Desde la Edad Moderna hasta nuestros días la balanza se ha inclinado cada vez más hacia el lado de lo individual, pero la pertenencia al grupo sigue siendo tan necesaria como siempre. Así, cuanto más nos diluye en el anonimato individualista la globalización económica y cultural, sentirnos parte del grupo se torna una necesidad mayor. La inclusión grupal ofrecida por las redes sociales se está mostrando insuficiente, mera ilusión de pertenencia. Como plantea Alessandro Baricco (“The Game” 2018), la aparición y generalización de las redes mediante los smartphones nos ha conducido a un individualismo de masas. Es decir, hemos entrado en la sociedad de la hipertrofia del ego. Consecuencia necesaria es el resurgir de cuanto genera sentimiento de pertenencia, ya sea a una nación, a una religión o a un equipo… puesto que nos aporta la identidad borrada por la globalización digital.

En este contexto entiendo el crecimiento del forofismo deportivo, del fútbol especialmente. Para que surja la identificación gregaria mediante un deporte, éste debe ser practicado en equipo y  con unas señas identitarias propias: nombre, himno, ropa, colores, espacio de juego -su campo-. Puedo ser incondicional de un atleta o un tenista pero difícilmente forofo suyo, porque no soy él ni puedo serlo, pero el equipo es un grupo con una identidad y un objetivo que otorgan sentido a sus componentes. El equipo representa a cuantos compartimos dicho objetivo e identidad, en él somos todos.

Es cierto que hay otros deportes de grupo, pero ninguno de ellos ha sido fomentado y empleado por el poder político y económico como este. En nuestro país, por ejemplo, existen trofeos auspiciados por el Estado mediante la Federación Española de fútbol (declarada de utilidad pública, con las muchas ventajas que ello supone), como la Copa del Rey o la Supercopa de España. O la liga y las quinielas, promovidas desde las cadenas públicas de televisión y radio. 

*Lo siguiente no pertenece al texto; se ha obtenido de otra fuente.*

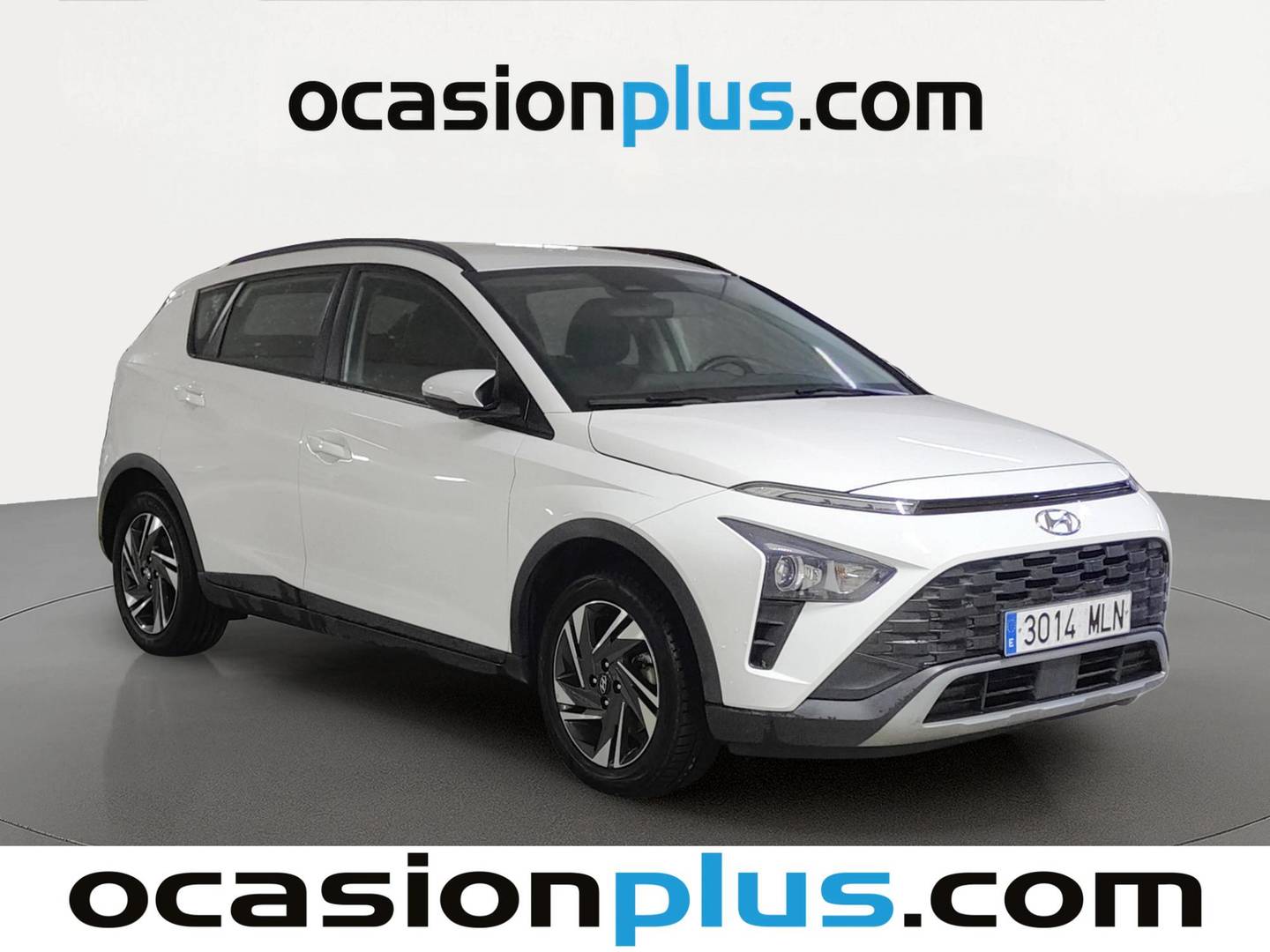 Foto delantera Hyundai Bayon Hyundai Bayon 1.2 MPI Maxx (84 CV) derecha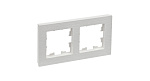 Рамка BRITE РУ-2-Бр BR-M22-51-K01 2-местная белый рифленый IEK 4818545 Рамка BRITE РУ-2-Бр BR-M22-51-K01 2-местная белый рифленый IEK 4818545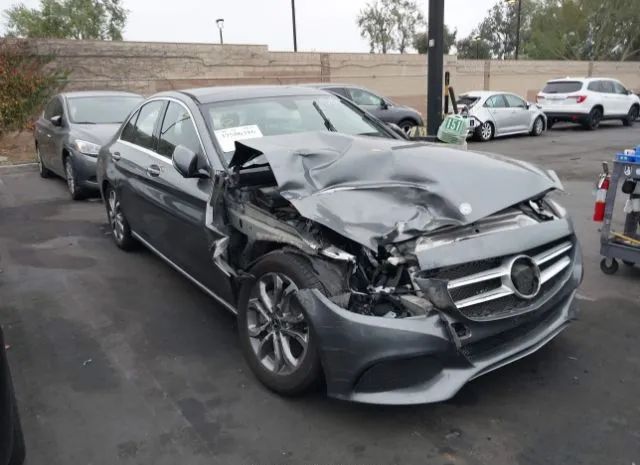 MERCEDES-BENZ C-CLASS 2017 55swf4jb8hu220076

Hace tiempo que el fútbol dejó de ser deporte para convertirse en espectáculo de masas. Tanto, que ya ni siquiera lo es para los niños y adolescentes que lo practican, puesto que sus miras, y las de sus padres, están en ser descubiertos por algún oteador y convertirse en profesionales. Los equipos de primera y segunda división son sociedades anónimas, es decir, empresas con ánimo de lucro, con alguna excepción como el Real Madrid y el Barcelona. Paradoja incomprensible, pues son los equipos que más millones de euros mueven y cuyas presidencias, casi desde su fundación, han estado ocupadas por importantes empresarios. Además, este espectáculo es empleado sistemáticamente como narcótico administrado a millones de aficionados en todo el planeta. La receta no es nueva, en Roma Juvenal ya denunció este mecanismo usado por el poder, panem et circenses, que en nuestro país se convirtió en el pan y toros del siglo XIX y desde el XX en lo que podríamos llamar cañas y fútbol.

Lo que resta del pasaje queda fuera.